Given the (currently) proprietary nature of FSR 4, we could easily have been in the situation of DLSS where it’s literally impossible to re-implement it. DLSS uses interop with CUDA for example and there’s 0% chance anyone outside of NVIDIA can deal with that. Fortunately NVIDIA provides the shims required to make DLSS work on Proton these days, but we’re on our own at this time for FSR 4.
It all started with an issue made on vkd3d-proton’s tracker asking for FSR 4 support.
Somehow, with the OptiScaler project, they had got to the point where vkd3d-proton failed to compile compute shaders. This was very encouraging, because it means that FSR 4 goes through D3D12 APIs somehow. Of course, D3D12’s way of vendor extensions is the most disgusting thing ever devised, but we’ll get to that later …

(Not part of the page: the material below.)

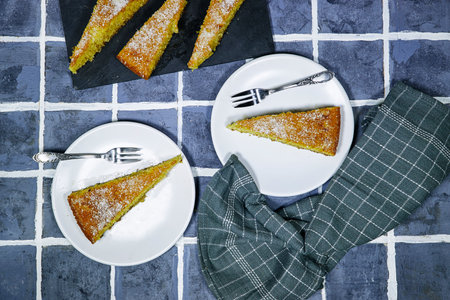 Middle eastern semolina cake basbousa , namoora, hareesa with coconut on tile background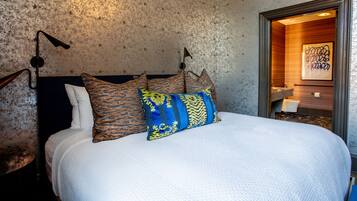 A bed with patterned pillows, a textured wall, and a framed artwork in the corner.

The flow of things seems to be:
- FSR 3.1 DLL tries to open the AMD d3d12 driver DLL (amdxc64.dll) and queries for a COM interface.
- Presumably, after checking that FSR 4 is enabled in control panel and checking if the .exe is allowed to promote, it loads amdxcffx64.dll, which contains the actual implementation.
- amdxcffx64.dll creates normal D3D12 compute shaders against the supplied ID3D12Device (phew!), with a metric ton of undocumented AGS magic opcodes. Until games start shipping their own FSR 4 implementation, I’d expect that users need to copy over that DLL from an AMD driver install somehow, but that’s outside the scope of my work.
- amdxcffx64.dll also seems to call back into the driver DLL to ask for which configuration to use. Someone else managed to patch this check out and eventually figure out how to implement this part in a custom driver shim.
With undocumented opcodes, I really didn’t feel like trying anything. Attempting to reverse something like that is just too much work. There was high risk of spending weeks on something that didn’t work out, but someone found a very handy file checked into the open source LLPC repos from AMD. This file is far from complete, but it’s a solid start.
At this point it was clear that FSR 4 is based on the WMMA (wave matrix multiply accumulate) instructions found on RDNA3 and 4 GPUs. This is encouraging since we have VK_KHR_cooperative_matrix in Vulkan which maps directly to WMMA. D3D12 was supposed to get this feature in SM 6.8, but it was dropped for some inexplicable reason. It’s unknown if FSR 4 could have used standard WMMA opcodes in DXIL if we went down that timeline. Certainly would have saved me a lot of pain and suffering …
Dumping shaders
Next step was being able to capture the shaders in question. Ratchet & Clank – Rift Apart was on the list of supported games from AMD and was the smallest install I had readily available, so I fired it up with RGP on Windows and managed to observe WMMA opcodes. Encouraging!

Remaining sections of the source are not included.